Tag-based union dispatch

type Event = { type: "click"; x: number; y: number }
           | { type: "key"; code: string };

const handlers = {
    click: (e: Extract<Event, { type: "click" }>) => `clicked at (${e.x}, ${e.y})`,
    key:   (e: Extract<Event, { type: "key" }>) => `pressed ${e.code}`,
} as const;

function handle(e: Event): string {
    // @ts-expect-error: dispatch by type
    return handlers[e.type](e);
}

A note on functional libraries

Substantial functional libraries admit elaborate functional patterns:

  • fp-ts — Haskell-style monads, Option, Either, Task, Reader, etc.
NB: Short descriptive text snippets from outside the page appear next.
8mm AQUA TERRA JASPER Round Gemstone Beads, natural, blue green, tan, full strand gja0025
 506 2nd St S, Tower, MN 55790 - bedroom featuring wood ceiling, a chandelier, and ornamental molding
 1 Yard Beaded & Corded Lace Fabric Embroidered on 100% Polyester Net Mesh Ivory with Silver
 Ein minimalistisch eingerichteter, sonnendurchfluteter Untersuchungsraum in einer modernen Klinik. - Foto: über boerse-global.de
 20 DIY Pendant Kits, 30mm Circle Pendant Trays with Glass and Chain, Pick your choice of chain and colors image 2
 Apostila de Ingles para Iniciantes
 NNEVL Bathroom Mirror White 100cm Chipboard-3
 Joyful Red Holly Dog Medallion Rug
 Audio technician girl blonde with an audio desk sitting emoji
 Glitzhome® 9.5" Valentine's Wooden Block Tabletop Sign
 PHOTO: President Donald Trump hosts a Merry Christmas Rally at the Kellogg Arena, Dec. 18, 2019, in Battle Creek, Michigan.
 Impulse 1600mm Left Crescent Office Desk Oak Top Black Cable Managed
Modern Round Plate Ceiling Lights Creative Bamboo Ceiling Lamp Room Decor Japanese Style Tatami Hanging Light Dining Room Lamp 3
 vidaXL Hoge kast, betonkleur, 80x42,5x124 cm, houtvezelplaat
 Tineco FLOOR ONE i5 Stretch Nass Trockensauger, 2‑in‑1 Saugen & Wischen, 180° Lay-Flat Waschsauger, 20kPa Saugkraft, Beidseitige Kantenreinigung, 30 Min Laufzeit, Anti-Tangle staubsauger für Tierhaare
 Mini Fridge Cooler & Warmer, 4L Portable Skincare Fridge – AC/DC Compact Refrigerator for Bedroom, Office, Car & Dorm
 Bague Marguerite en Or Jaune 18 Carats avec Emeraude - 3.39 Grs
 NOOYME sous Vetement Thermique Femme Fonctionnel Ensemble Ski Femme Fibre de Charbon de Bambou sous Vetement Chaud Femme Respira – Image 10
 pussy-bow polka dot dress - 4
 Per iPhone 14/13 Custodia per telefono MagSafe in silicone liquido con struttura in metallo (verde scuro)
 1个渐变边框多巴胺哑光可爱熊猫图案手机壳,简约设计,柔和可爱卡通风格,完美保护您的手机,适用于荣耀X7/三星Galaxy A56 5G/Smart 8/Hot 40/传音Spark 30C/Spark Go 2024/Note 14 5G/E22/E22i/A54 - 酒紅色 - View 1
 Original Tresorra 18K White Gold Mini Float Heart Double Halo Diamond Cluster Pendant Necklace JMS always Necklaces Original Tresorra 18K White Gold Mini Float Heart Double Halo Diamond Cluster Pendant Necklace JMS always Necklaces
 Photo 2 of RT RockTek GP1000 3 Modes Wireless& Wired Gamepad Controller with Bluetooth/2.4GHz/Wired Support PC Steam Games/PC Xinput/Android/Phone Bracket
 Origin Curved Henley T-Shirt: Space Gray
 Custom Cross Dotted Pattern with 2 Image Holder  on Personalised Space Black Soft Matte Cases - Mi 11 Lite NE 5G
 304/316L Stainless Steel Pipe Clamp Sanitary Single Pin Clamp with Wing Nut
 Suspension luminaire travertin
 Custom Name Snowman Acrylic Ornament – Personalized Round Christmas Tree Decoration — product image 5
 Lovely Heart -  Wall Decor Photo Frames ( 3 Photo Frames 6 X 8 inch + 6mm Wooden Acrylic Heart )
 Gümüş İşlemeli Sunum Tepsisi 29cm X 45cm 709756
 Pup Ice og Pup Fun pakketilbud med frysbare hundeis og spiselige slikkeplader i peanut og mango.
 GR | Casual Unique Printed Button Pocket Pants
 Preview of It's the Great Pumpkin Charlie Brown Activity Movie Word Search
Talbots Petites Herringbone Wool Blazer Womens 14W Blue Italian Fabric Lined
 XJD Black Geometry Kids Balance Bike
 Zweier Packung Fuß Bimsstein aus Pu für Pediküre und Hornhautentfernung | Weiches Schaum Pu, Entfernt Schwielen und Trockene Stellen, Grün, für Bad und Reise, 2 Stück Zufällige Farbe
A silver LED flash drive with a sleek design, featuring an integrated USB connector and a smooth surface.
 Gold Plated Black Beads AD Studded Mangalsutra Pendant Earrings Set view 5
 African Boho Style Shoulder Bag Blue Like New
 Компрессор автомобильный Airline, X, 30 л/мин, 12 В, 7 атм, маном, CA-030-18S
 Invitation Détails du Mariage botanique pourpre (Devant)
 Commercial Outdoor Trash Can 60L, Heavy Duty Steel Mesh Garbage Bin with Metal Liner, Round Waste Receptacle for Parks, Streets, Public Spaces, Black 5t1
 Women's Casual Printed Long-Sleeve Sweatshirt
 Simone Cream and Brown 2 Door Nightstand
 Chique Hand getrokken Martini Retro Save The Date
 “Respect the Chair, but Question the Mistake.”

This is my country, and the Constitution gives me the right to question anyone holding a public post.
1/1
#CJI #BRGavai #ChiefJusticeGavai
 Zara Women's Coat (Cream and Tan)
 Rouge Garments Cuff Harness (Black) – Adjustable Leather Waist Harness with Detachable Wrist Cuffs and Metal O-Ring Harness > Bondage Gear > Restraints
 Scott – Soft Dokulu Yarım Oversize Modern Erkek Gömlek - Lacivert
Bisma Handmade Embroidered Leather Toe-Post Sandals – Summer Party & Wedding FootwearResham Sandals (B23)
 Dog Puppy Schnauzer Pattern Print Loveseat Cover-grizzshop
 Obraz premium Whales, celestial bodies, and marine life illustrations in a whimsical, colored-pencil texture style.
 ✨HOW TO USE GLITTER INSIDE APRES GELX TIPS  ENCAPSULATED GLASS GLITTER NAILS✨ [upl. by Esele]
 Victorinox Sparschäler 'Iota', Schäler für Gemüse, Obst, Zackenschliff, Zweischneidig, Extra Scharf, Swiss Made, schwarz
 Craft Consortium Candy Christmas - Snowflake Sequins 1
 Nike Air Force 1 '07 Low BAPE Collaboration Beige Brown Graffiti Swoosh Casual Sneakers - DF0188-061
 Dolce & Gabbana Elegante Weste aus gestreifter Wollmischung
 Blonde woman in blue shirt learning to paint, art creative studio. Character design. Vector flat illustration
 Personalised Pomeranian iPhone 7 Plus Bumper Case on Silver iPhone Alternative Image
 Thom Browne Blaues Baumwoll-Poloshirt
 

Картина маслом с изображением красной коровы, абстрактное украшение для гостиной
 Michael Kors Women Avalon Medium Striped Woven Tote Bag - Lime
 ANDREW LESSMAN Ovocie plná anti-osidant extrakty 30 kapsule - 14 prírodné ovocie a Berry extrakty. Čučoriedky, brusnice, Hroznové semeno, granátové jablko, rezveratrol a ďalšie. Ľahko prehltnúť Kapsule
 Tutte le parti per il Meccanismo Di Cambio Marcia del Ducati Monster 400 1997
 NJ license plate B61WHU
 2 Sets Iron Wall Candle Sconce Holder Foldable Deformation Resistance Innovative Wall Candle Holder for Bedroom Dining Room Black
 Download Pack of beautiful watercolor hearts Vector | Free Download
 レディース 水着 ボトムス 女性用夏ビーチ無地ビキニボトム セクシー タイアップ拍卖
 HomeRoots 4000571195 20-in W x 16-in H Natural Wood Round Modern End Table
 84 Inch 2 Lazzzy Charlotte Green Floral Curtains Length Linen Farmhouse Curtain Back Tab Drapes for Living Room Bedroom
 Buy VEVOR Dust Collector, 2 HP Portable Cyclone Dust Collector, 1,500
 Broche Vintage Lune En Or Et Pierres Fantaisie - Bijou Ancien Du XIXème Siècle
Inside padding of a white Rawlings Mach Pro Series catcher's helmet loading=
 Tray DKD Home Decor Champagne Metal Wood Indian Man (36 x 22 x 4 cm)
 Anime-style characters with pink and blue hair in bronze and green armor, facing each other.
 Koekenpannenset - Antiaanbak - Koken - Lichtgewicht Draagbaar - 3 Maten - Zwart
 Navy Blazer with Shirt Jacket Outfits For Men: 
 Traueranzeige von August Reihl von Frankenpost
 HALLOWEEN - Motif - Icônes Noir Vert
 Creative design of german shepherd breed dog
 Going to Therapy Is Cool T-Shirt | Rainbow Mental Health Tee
Substantial type-level expressiveness.
  • Ramda — Heavy currying, point-free style.
  • lodash/fp — Functional variants of lodash utilities.
  • Immer — Immutable updates with imperative syntax.
  • zustand, Effect, Redux Toolkit — Functional state management.

The conventional contemporary TypeScript application uses the built-in array methods plus careful immutability; substantial libraries are reached for in domains where the additional rigor is genuinely valuable.

A note on the conventional discipline

The contemporary TypeScript functional advice:

  • Use arrow functions for callbacks and small functions.
  • Use array methods (map, filter, reduce) over imperative loops for transformations.
  • Use readonly on parameters and properties that are not modified.
  • Use spread (...) for immutable updates.
  • Use as const for literal-type configuration.
  • Use closures for state encapsulation.
  • Use higher-order functions for callbacks and combinators.
  • Use discriminated unions for sum types and pattern-style dispatch.
  • Use Promises for async composition.
  • Reach for fp-ts etc. only when substantive functional programming is genuinely valuable.

The combination — first-class functions, closures, higher-order functions, the array-method API, immutability via readonly and spread, discriminated unions — is the substance of TypeScript’s functional surface. The discipline produces clear, type-safe, composable code without the substantial overhead of more elaborate functional systems.